The Shah’s army, now numbering around 30,000, assumed a strong defensive position on the banks of the river. They acquitted themselves well in the early fighting, managing to drive back the Mongol forces despite being heavily outnumbered. However, after an elite Mongol detachment managed to outflank the Khwarazmians, the Shah realized the battle was lost; in full armour, he rode his horse off a cliff into the Indus. As a mark of respect for his enemy’s bravery, the Khan ordered his archers not to fire, and so the Shah managed to gain the opposite bank; however, his harem and nearly all his army were slaughtered.



Born On This Day

1273 – Alphonso, Earl of Chester (d. 1284)
Alphonso or Alfonso (24 November 1273 – 19 August 1284), also called Alphonsus and Alphonse and styled Earl of Chester, was an heir apparent to the English throne who never became king.[1]

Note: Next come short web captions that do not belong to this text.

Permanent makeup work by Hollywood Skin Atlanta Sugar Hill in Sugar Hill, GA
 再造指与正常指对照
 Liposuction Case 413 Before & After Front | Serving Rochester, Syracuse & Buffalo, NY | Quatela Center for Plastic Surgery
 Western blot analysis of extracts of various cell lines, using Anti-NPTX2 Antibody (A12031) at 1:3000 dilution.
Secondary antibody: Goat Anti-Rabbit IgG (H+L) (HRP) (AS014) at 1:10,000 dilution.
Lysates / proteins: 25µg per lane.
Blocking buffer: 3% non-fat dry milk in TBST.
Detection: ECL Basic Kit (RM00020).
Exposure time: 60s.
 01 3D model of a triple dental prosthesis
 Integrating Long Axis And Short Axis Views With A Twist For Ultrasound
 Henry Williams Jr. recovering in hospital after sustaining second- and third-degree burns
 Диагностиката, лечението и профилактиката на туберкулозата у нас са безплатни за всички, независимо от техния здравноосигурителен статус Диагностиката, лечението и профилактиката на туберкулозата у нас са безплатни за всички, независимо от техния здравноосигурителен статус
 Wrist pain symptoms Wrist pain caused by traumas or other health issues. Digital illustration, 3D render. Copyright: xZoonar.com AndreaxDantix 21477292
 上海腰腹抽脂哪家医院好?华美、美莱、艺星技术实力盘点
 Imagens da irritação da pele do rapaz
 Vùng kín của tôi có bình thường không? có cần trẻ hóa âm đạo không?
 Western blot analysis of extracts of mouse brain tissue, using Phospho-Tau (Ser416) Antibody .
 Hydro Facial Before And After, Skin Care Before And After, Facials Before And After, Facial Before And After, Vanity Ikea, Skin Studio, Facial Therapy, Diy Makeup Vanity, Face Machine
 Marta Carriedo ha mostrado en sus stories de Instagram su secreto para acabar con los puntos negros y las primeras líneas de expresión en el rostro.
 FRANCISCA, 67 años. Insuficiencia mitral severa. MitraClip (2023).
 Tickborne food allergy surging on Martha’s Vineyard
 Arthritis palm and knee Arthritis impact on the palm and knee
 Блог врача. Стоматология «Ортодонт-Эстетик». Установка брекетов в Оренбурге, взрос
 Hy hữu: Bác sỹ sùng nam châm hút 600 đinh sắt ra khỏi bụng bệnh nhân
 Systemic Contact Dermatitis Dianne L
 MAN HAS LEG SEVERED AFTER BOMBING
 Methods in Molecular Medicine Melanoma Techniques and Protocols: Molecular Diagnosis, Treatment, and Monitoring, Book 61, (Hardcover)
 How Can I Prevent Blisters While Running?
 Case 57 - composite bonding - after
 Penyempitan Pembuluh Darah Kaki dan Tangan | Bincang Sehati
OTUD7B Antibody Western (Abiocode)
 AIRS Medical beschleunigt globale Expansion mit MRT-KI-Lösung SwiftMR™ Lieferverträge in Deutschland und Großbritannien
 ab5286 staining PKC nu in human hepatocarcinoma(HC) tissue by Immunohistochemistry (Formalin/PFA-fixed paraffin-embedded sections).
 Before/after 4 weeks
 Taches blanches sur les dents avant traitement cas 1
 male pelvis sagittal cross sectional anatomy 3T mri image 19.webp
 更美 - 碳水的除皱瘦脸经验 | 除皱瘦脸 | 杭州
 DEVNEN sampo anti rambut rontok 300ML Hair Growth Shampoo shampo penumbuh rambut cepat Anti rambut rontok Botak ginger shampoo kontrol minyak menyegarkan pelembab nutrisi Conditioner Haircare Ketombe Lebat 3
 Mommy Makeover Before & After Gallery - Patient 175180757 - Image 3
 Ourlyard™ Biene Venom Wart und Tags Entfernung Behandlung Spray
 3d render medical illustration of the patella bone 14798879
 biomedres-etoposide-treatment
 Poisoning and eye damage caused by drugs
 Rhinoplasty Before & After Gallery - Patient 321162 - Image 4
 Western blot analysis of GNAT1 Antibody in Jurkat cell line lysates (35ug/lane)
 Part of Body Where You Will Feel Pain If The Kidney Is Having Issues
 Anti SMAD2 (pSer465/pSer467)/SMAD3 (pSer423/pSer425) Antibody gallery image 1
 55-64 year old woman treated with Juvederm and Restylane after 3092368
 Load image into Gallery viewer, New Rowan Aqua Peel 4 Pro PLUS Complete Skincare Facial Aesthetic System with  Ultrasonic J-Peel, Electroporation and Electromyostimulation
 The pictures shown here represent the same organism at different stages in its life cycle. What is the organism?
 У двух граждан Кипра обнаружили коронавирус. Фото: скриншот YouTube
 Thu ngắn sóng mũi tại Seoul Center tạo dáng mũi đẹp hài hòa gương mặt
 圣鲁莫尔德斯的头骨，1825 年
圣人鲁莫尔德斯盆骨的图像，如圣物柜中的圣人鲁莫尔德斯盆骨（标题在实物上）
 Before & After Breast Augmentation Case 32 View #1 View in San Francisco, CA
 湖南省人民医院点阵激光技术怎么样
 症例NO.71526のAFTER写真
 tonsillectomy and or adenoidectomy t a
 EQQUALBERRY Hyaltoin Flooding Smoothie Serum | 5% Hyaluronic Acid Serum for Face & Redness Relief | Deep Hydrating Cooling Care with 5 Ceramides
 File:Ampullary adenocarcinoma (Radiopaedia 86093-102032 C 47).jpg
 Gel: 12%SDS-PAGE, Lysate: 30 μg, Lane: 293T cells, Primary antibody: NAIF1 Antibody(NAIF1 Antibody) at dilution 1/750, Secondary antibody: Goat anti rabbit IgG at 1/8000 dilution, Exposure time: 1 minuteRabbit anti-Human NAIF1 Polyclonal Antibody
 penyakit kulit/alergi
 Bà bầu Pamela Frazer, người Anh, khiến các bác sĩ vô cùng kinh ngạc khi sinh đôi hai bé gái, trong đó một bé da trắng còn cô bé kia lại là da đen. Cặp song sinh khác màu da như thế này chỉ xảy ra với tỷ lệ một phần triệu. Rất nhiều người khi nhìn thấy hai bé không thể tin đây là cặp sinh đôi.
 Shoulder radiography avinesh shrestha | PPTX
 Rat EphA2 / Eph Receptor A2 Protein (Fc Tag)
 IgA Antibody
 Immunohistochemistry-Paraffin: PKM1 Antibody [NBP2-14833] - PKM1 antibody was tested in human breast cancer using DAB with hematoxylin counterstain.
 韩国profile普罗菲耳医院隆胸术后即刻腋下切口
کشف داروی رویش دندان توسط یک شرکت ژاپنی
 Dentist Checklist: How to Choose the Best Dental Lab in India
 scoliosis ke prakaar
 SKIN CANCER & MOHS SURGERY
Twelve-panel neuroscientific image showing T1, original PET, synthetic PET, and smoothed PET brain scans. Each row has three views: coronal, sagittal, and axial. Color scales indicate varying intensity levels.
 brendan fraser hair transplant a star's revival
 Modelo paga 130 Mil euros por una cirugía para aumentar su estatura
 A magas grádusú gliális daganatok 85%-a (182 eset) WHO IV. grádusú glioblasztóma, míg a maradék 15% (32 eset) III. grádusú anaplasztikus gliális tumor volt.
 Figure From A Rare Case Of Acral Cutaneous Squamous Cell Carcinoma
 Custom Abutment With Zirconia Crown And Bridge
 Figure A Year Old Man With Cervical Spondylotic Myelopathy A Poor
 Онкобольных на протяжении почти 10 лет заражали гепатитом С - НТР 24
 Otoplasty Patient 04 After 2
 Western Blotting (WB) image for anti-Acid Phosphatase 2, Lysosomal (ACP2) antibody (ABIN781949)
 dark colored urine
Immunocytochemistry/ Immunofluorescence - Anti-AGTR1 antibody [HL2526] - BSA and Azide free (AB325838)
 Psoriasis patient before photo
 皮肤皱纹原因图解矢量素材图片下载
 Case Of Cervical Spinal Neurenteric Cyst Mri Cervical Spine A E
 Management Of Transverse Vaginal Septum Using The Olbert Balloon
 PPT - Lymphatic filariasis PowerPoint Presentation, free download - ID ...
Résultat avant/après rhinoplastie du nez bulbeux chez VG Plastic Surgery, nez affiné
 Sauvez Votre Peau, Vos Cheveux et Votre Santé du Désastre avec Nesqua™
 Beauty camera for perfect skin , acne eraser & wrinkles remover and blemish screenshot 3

Alphonso was the ninth child of King Edward I of England and his Castilian wife Eleanor. He was born in Bayonne, Gascony, a duchy claimed by his maternal uncle King Alphonso X of Castile until his parents’ marriage in 1254. Edward and Eleanor’s friendship with the King of Castile was also confirmed when they named their son in his honour, a “remarkable choice” given the name’s rarity in England. Queen Eleanor even persuaded her brother to travel to Gascony and serve as godfather at the young prince’s baptism.[1]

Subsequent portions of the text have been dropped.